What you are asked to do - Set down exactly the lines that run from the line with "Before and after" to the end of the data, and nothing else.

(Brief descriptive captions)
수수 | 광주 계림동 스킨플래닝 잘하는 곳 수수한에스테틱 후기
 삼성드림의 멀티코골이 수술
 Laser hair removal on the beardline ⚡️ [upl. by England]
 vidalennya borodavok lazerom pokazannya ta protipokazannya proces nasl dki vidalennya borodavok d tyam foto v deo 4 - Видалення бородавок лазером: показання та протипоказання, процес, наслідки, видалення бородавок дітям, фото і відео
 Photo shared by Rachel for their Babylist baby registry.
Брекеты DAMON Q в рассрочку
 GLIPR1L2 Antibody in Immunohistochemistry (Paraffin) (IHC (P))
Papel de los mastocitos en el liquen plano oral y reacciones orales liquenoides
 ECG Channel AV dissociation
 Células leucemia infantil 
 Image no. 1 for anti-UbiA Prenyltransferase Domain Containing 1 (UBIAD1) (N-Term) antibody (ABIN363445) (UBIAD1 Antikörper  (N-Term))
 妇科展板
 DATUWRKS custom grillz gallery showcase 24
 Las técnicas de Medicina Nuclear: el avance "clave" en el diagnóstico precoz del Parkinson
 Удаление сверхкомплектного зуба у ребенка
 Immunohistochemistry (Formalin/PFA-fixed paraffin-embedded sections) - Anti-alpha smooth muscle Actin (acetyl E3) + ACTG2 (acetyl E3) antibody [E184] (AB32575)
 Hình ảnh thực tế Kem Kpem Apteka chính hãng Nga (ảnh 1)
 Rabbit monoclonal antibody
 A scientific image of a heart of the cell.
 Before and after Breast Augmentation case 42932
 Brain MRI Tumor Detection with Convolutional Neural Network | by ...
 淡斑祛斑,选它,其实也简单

Task response -
 Before and after Breast Augmentation case 42932
 Brain MRI Tumor Detection with Convolutional Neural Network | by ...
 淡斑祛斑,选它,其实也简单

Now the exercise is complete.